2 Corinthians 12:19-21 (HCSB)
You have thought all along that we were defending ourselves to you. No, in the sight of God we are speaking in Christ, and everything, dear friends, is for building you up. For I fear that perhaps when I come I will not find you to be what I want, and I may not be found by you to be what you want; there may be quarreling, jealousy, outbursts of anger, selfish ambitions, slander, gossip, arrogance, and disorder. I fear that when I come my God will again[c] humiliate me in your presence, and I will grieve for many who sinned before and have not repented of the moral impurity, sexual immorality, and promiscuity they practiced.
Paul has no reason to be ashamed of his conduct with the Corinthians, whether it was his conduct while he was with them, or the things he had written to them. And so, he had nothing to justify or apologize for.
Paul’s point here is that everything he had said or written, including the things in this letter and in the other two he had written previously, as well as everything he had done, was for the building up and maturing of the Christians in Corinth. That was his commission as an apostle, and he was being faithful in that commission.

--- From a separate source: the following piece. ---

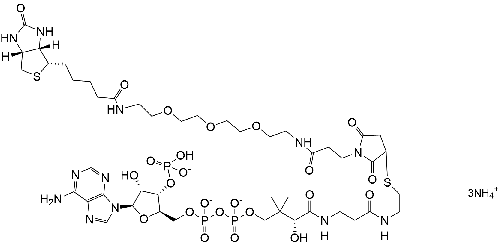 Biotin-PEG3-CoenzymeA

Paul would be arriving in Corinth soon, in just a few weeks, and he wanted above all else for his arrival to be at time of joyous reunion, not a time of accusations and justifications. He knew very well, based on the letters that had been exchanged between himself and the leaders in Corinth, that many who claimed to be part of the Corinthian Church, many who were even leaders, had refused to leave their sinful lifestyles. Still others had returned to their lives of impurity and sexual sin. And, as an apostle, he would be required to confront that sin, and even cast out those who refused to repent.
His desire was that those people would get their lives in order, or be brought under control before Paul got there, so that those issues could be resolved without his having to be involved. The short timeline would discourage the procrastination that so often crops up when a need to confront arises.
Father, it is still easy to procrastinate or overlook even blatant sin in the Church, hoping it will resolve itself on its own, or that subtle messages hidden in sermons will do the work of conviction without requiring more direct action. But usually what happens with those passive “solutions” is that the sin simply grows and spreads. “A little yeast leavens the whole lump of dough.” (Galatians 5:9 HCSB) Paul was proactive because he knew that more than personal reputation or organizational harmony were at stake. Sin can cause widespread destruction and will bring personal condemnation by You, not to mention the fact that it also makes the body of Christ weak, and even completely ineffective at its core duty. Help me, Lord, to never be harsh or needlessly condemning, but to be strong in helping people to see, recognize and deal with the sin in their lives (making sure that there is no log in my own eye), so that the whole body stays healthy. Amen.